_Task to carry out_. No pictures, please: print exactly the lines from the one that contains "Ludwig（ラディック） Ludwig USED" through the last line of the listing.

*** Opening Data supplied ***

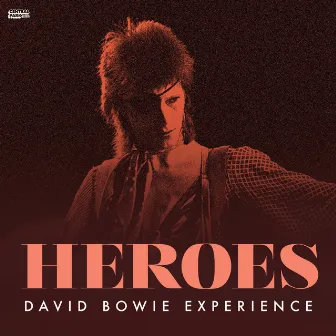 Heroes by David Bowie Experience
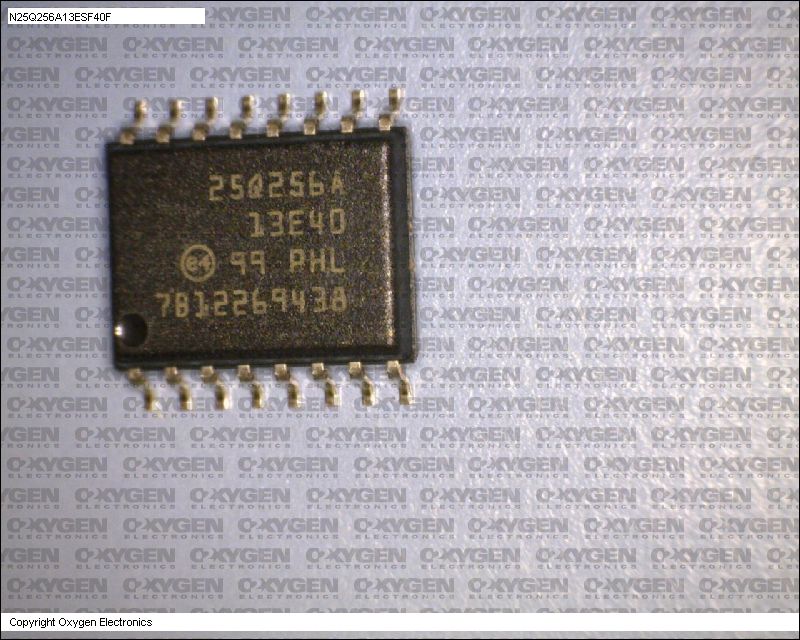 N25Q256A13ESF40F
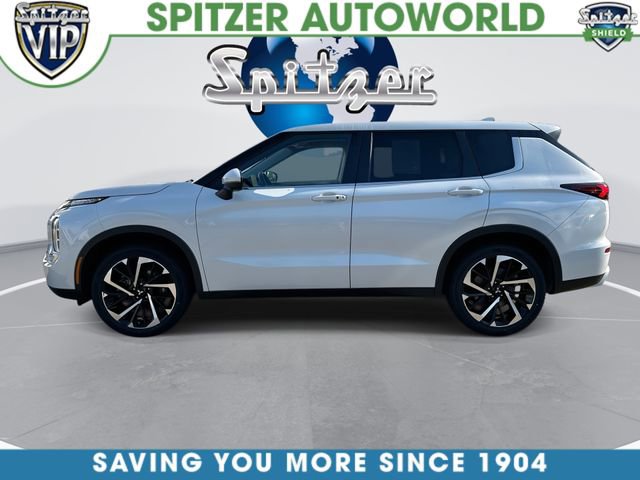 Used 2024 Mitsubishi Outlander SE AWD/4WD image 6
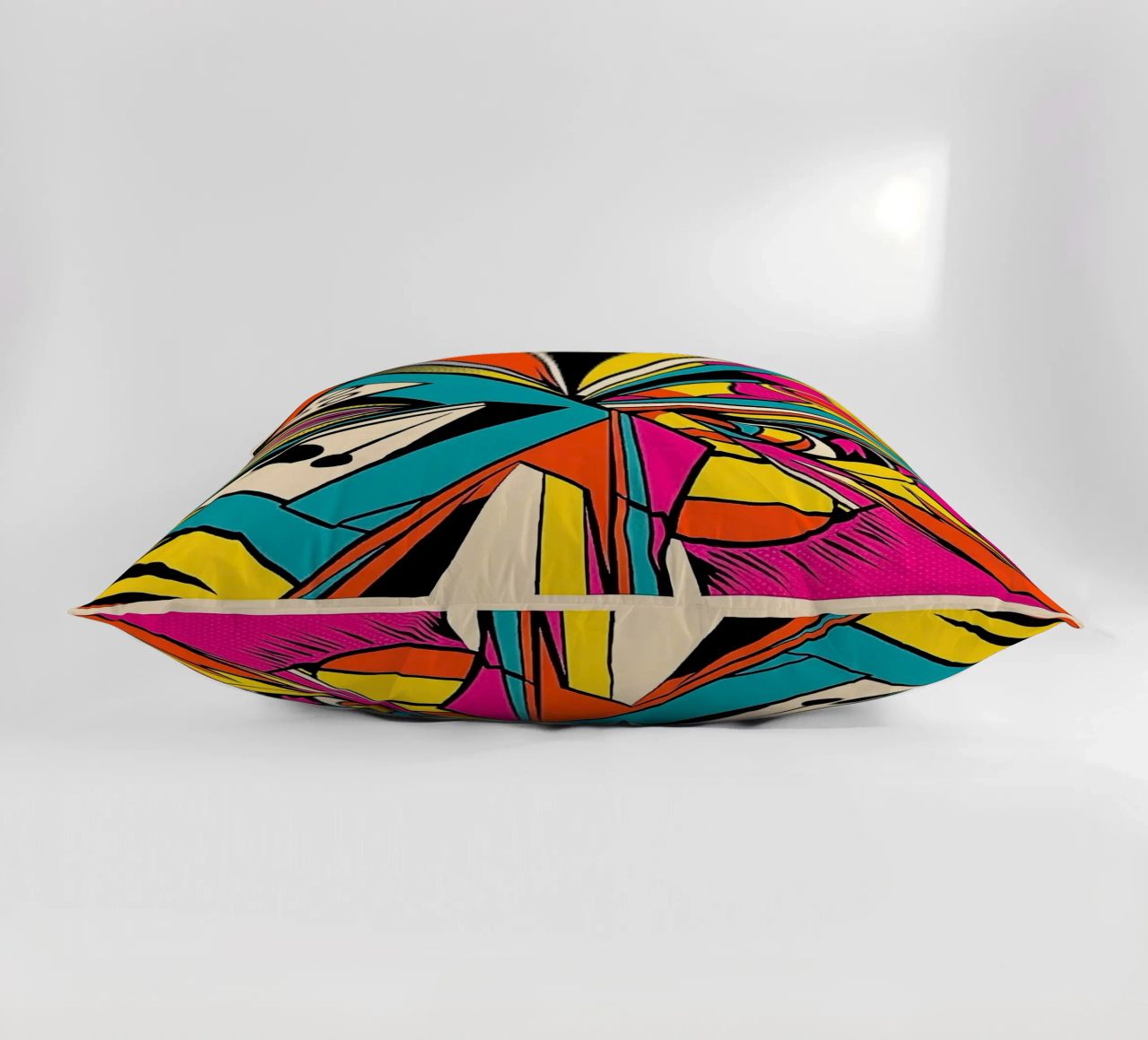 POP 1 cuscino da Rezh creations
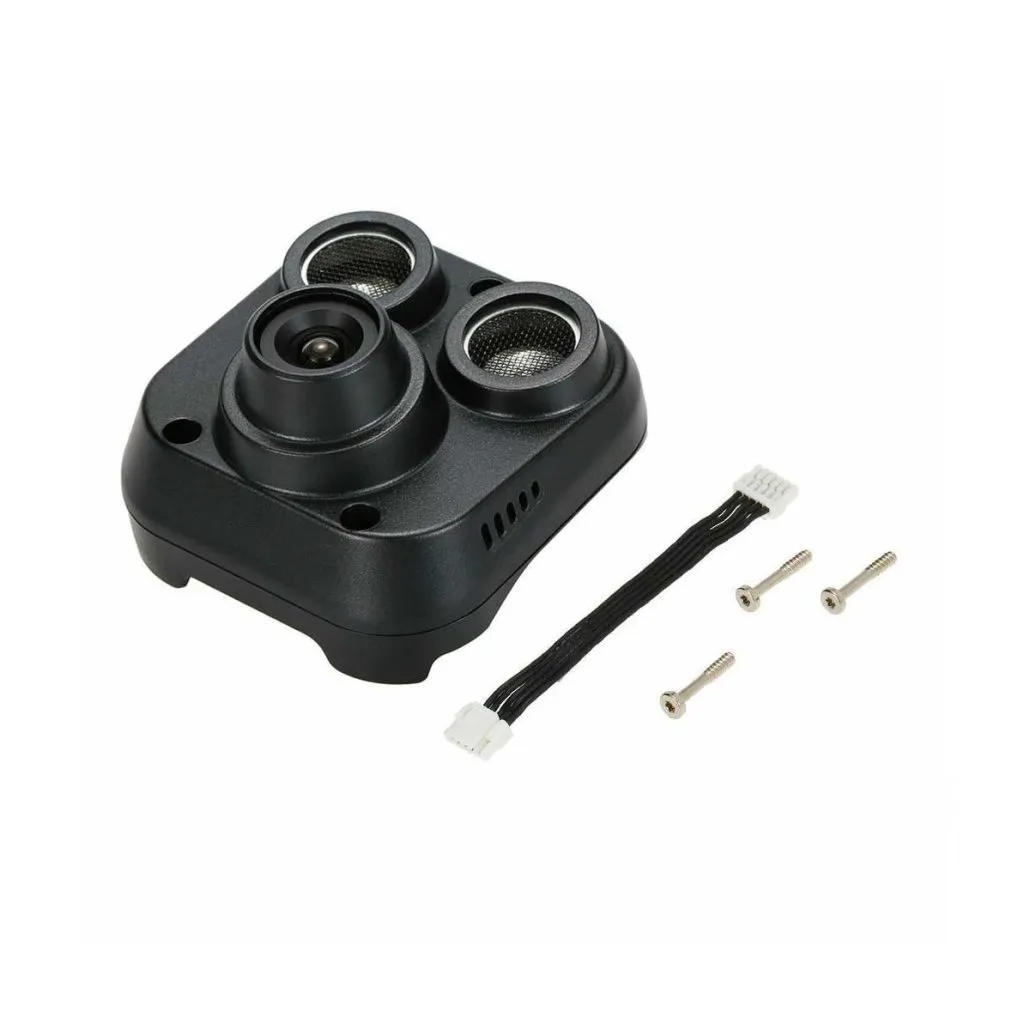dji inspire 1 part 39 vision positioning module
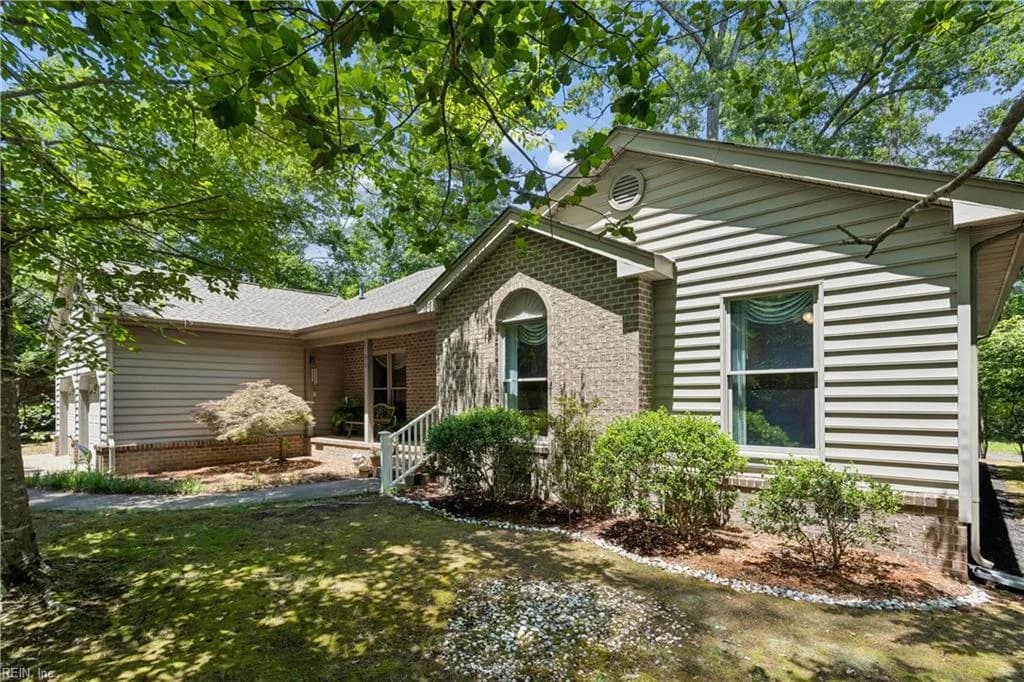 99 Oxford RD, WILLIAMSBURG VA 23185 - Photo 4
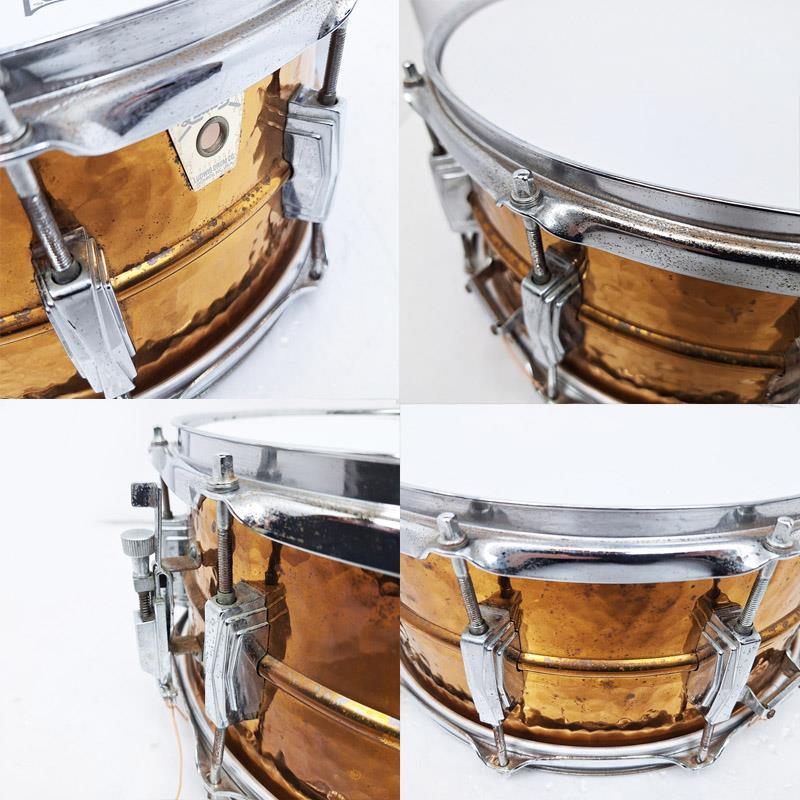 Ludwig（ラディック） Ludwig USED 中古 LB552K [ Bronze Phonic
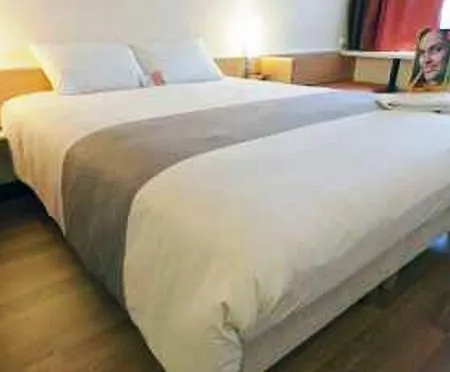 Hotel Ibis Centrum Bratislava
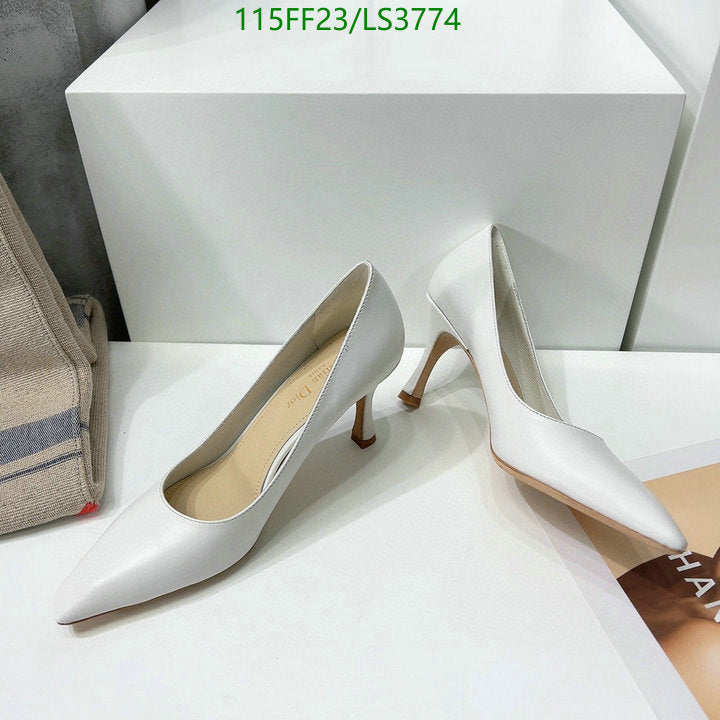SAMCC - DOR Women Shoes - 1840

*** Closing Data supplied ***

_Exercise output_.
 Ludwig（ラディック） Ludwig USED 中古 LB552K [ Bronze Phonic
 Hotel Ibis Centrum Bratislava
SAMCC - DOR Women Shoes - 1840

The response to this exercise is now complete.